Нет, наше чувство было верным, когда, оплакивая Блока, мы скорбели не о нем одном. И тем более оно было верным, что и тогда уже очерчивалось, а вскоре и совсем определилось то разделение русской литературы надвое, которое, конечно, ни частям, ни целому счастья принести не могло. Для всех пишущих по-русски оно было и есть несчастье. Литературу нашу оно калечит, и если что в нем хорошо, то разве лишь то, что две ее части калечит оно по-разному. Никто не может судить, и тем более осуждать, ни тех, что ушли, ни тех, что остались. Одни знали, что нельзя им оставаться, другие, что нельзя им уходить. Слава Богу еще, что некоторые из оставшихся написали как-никак, хоть почти и чудом иногда, то, чего не написали бы, если бы не остались (например, «Доктора Живаго»). Слава Богу, что некоторые из ушедших завершили свое писательское дело или все же написали то, чего не написали бы, «Жизнь Арсеньева» например, если б не ушли,— хотя бы потому, что жизнь их кончилась бы раньше. Там литературу нашу (усердней всего поэзию) душили; здесь она задыхалась от узости круга, в котором пришлось ей жить: писательского, читательского, вообще русского, при разбросанности и относительном немноголюдье нашего зарубежья. Быть может, когда-нибудь соберут ее черепки по обе стороны рубежа, отбросят рабское, хилое, пустое и тогда увидят, что все же не две их было, что она была одна. Одна, как ее еще видели те, что потом ушли, и те, что остались когда вместе хоронили Блока.

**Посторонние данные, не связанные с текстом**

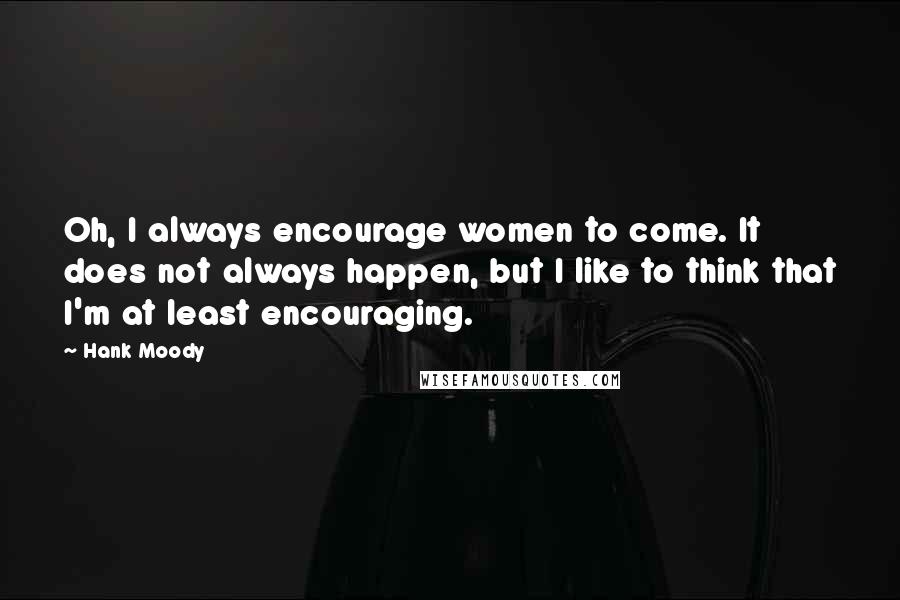 Hank Moody quotes: Oh, I always encourage women to come. It does not always happen, but I like to think that I'm at least encouraging.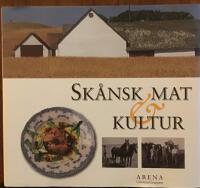 Sk&aring;nsk mat & kultur
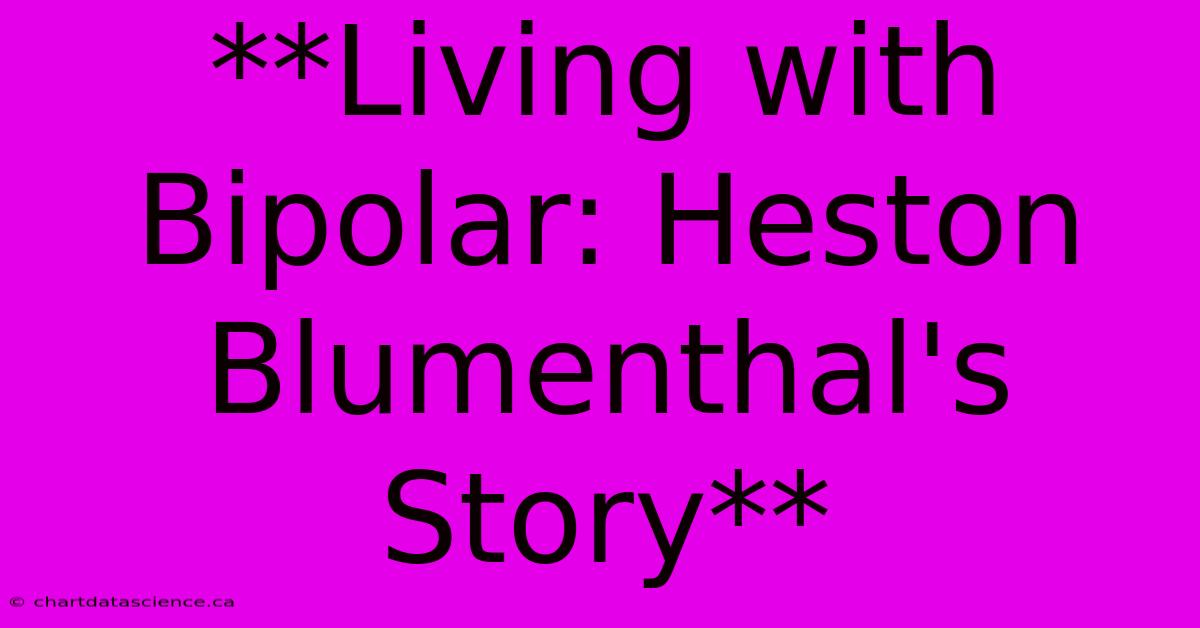 **Living With Bipolar: Heston Blumenthal's Story**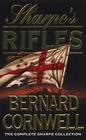 Sharpe's Rifles : Richard Sharpe and the French Invasion of Galicia, January 1809 (Sharpe)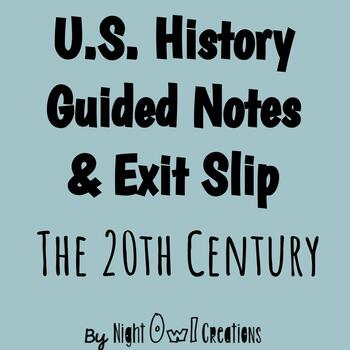 Preview of 5th Grade Social Studies - Guided Notes - The 20th Century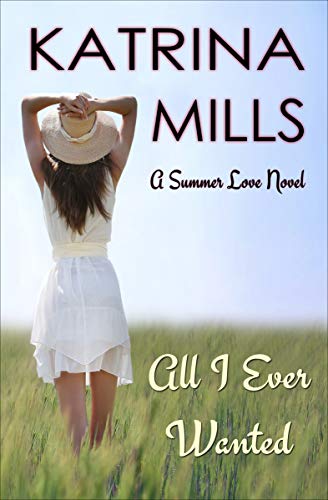 cover image All I Ever Wanted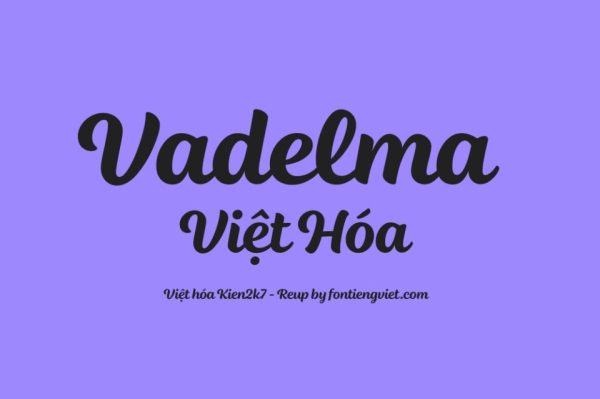 Font Việt Hoá Vadelma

Во всей истории нашей не было таких похорон. Пушкина тоже не уберегли. Пушкина любили. Но, прощаясь с Пушкиным, прощались все же только с ним. Тут было другое прощание; оно продолжается по сей день. И если бы после стольких лет, Бог весть какими судьбами, повстречался я снова с Анной Андреевной Ахматовой или наши тени повстречались в Елисейских полях, я уверен, она согласилась бы со мной, что прощание это еще не кончилось.
1961
О ПОСЛЕДНИХ СТИХАХ МАНДЕЛЬШТАМА
Долго его мучили, травили, держали под запретом и в нищете, гоняли по лагерям, гноили в тюрьмах — так долго, что не пришлось и приканчивать. Палачи обошлись без палача.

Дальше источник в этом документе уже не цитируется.